Calling the function created above for several ``reg_param`` values find the best regularization parameter.

In [30]:
for reg_param in [0.01, 0.05]:#, 0.1, 0.15, 0.25]:
    train_model(reg_param)

regParam=0.01, RMSE=0.83
regParam=0.05, RMSE=0.81


## QUESTION 4

With your best regParam try using the `implicitPrefs` flag.

>Note that the results here make sense because the data are `explicit` ratings

In [31]:
## YOUR CODE HERE
als = ALS(regParam= 0.05, userCol="user_id", itemCol="movie_id", ratingCol="rating",
          coldStartStrategy="drop", implicitPrefs  = True)
model = als.fit(training)

predictions = model.transform(test)
evaluator = RegressionEvaluator(metricName="rmse", labelCol="rating",
                            predictionCol="prediction")

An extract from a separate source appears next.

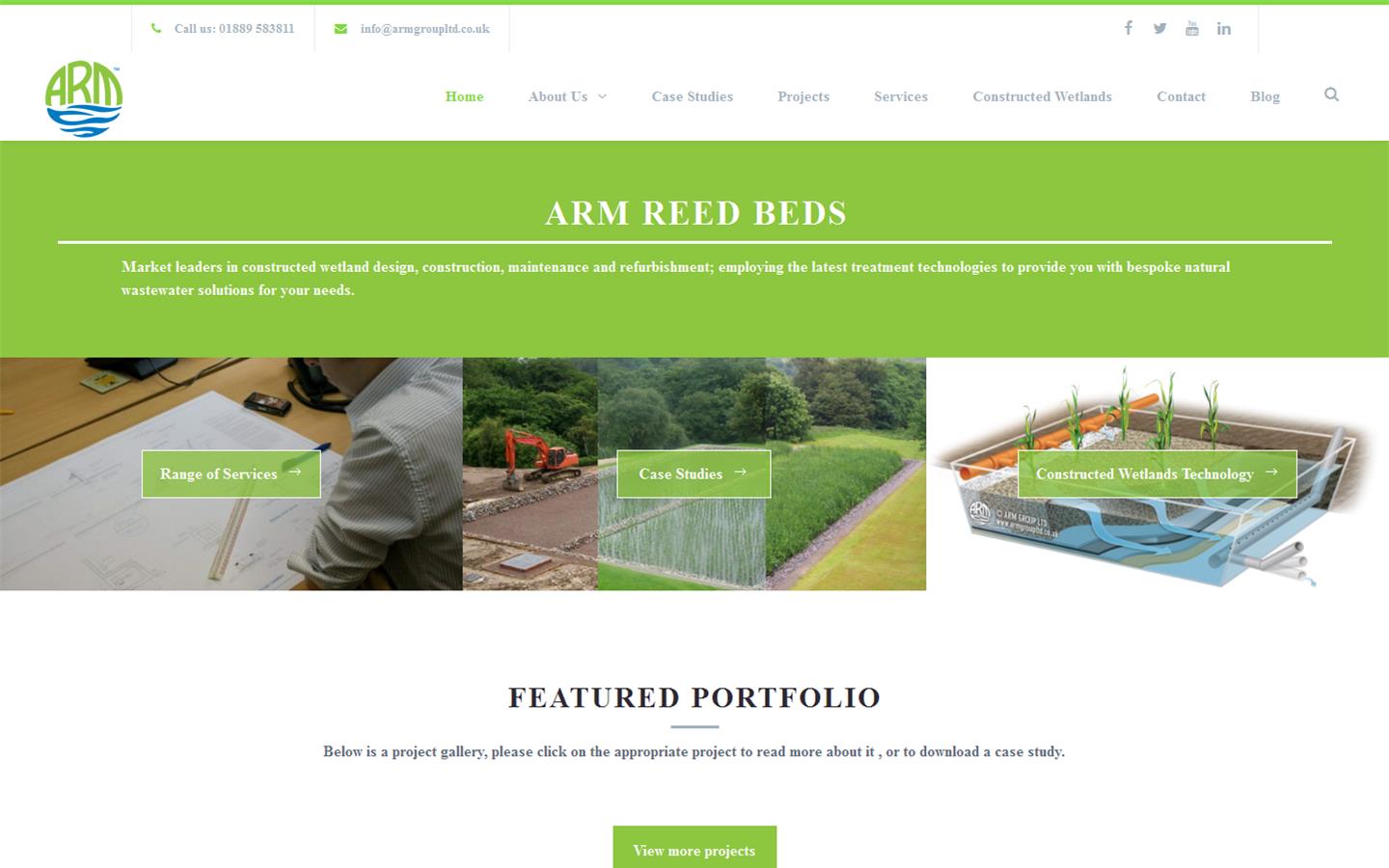 A R M Ltd Website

rmse = evaluator.evaluate(predictions)
print("regParam={}, RMSE={}".format(reg_param, np.round(rmse, 2)))

regParam=0.05, RMSE=3.25


## QUESTION 5

Retrain the model with your best ``reg_param`` and ``implicit_prefs`` on the entire dataset and save the trained model in the SAVE_DIR directory.

In [35]:
## YOUR CODE HERE (Replace the symbole #<> with your code)

### re-train using the whole data set
#print("...training")
#als = #<>
#model = als.fit(#<>)
    
## save model
print("...saving als model")
model.save(SAVE_DIR + '/model_1')
print("done.")

...saving als model
done.


## QUESTION 6

We now want to use ``spark-submit`` to load the model and demonstrate that you can load the model and interface with it.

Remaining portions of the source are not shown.